Formula 1 has often justified itself with the claim that its technologies are used in road cars. This is true up to a point, but some technologies such as carbon composite chassis have been very slow to arrive in the mainstream. The first F1 composite chassis were built 30 years ago and even today only top-end high-performance models use these methods, simply because the chassis are too expensive and labour-intensive to mass produce. However, carbon composites are now beginning to invade the automobile world as manufacturers search for ways to make lighter (and thus more fuel-efficient) cars. This is particularly important with electric cars as the weight has a direct effect on the range of the cars. There is interesting news this week as BMW has announced that it is spending $100 million to build its own carbonfibre thread manufacturing facility, in a move that is aimed at bringing down the costs involved. It is reckoned that carbonfibre costs 20 times the price of steel (by weight), but weighs only half as much in its finished form. There is only one major composite thread manufacturer in Europe: SGL Carbon, which is based in Germany. This creates the threads and weaves them into the “cloth” from which chassis are built (the woven materials are then impregnated with resin and laid into the shape needed and the hardening process is achieved using high pressure ovens – known as autoclaves). SGL Carbon has now entered into a partnership with BMW to build a factory. In response to that move, Volkswagen has bought 9.9 percent of SGL in order to ensure that it continues to get access to composite materials. BMW then raised its stake in SGL from 24 to 27 percent.
The move towards carbon composites in the automotive industry are also related to the spread of new techniques that have been pioneered in aerospace but more recently have been used increasingly in Formula 1, which involved the injection moulding of parts, rather than the much more laborious traditional techniques of lay-up by hand. Automating the process is not easy but the new McLaren road car features this technology and teams are using more and more of this as they race to able to produce parts faster than their rivals.

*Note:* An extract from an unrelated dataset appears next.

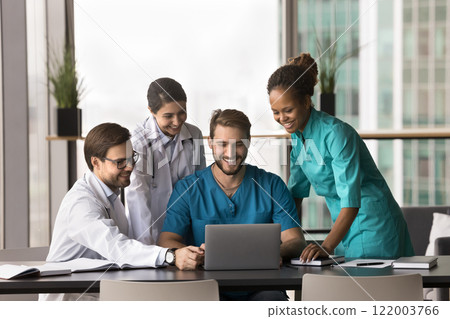 Smiling clinic staff members using laptop at workplace Smiling clinic staff members using laptop at workplace 122003766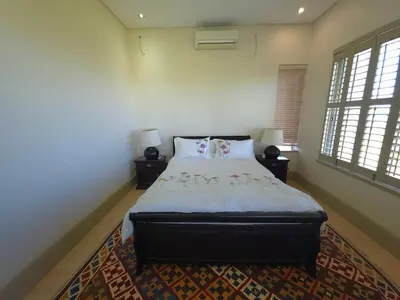 a bedroom with a large bed and two windows at Beachfront Golf Estate Escape in Strand in Strand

The latest tweak in the rapid manufacturing processes in F1 is Red Bull Racing’s decision this year to have two rapid prototyping machines travelling to the races inside the trucks. It is not clear whether the machines involved use stereolithographic and laser sintering techniques (the different being that the first uses photopolymer resin and the second powders which are used together by the power of a laser beam. In both cases, the laser fuses the material while scanning a cross-section. The process is repeated with a new layer being added with each scan, until a finished piece is completed. The processes are now so advanced that metal parts can be created although most of the work is with things such as brake ducts. The biggest problem with these systems is getting the data from computers at the factory, where a part is designed, to the transporter, but this means that new parts are available on site and do not have to be flown out once the work is done. They will simple slot on to the car. Thus if the team decides on a Friday that it wants different brake ducts, they will in theory be ready the following morning.
joeblogsf1 
Interesting! What other technologies derived from Formula One are used in road cars?
Pingguest,
Read the history of the motoring industry and the history of motorsport and it will be obvious that this process has been going on since the dawn of the automobile. In the modern era the biggest contribution has probably been in the electronic field.
Joe
That is very cool. If this is one of the reasons Red Bull can keep at the front then I geuss the otehr teams will follow and the Tonnage of the travelling teams increases as well as the costs.
FIA have got to be thinking about new rules to dictate what is allowed on the site fo the track and what is not…. Then a fax voite will be required to see if a device can be powered up at the track and how many hours it is allowed to be used which begs the question…
If they created a new part overnight would this infringe the rules about how many hours engineers are allowed to work or is it fully automated?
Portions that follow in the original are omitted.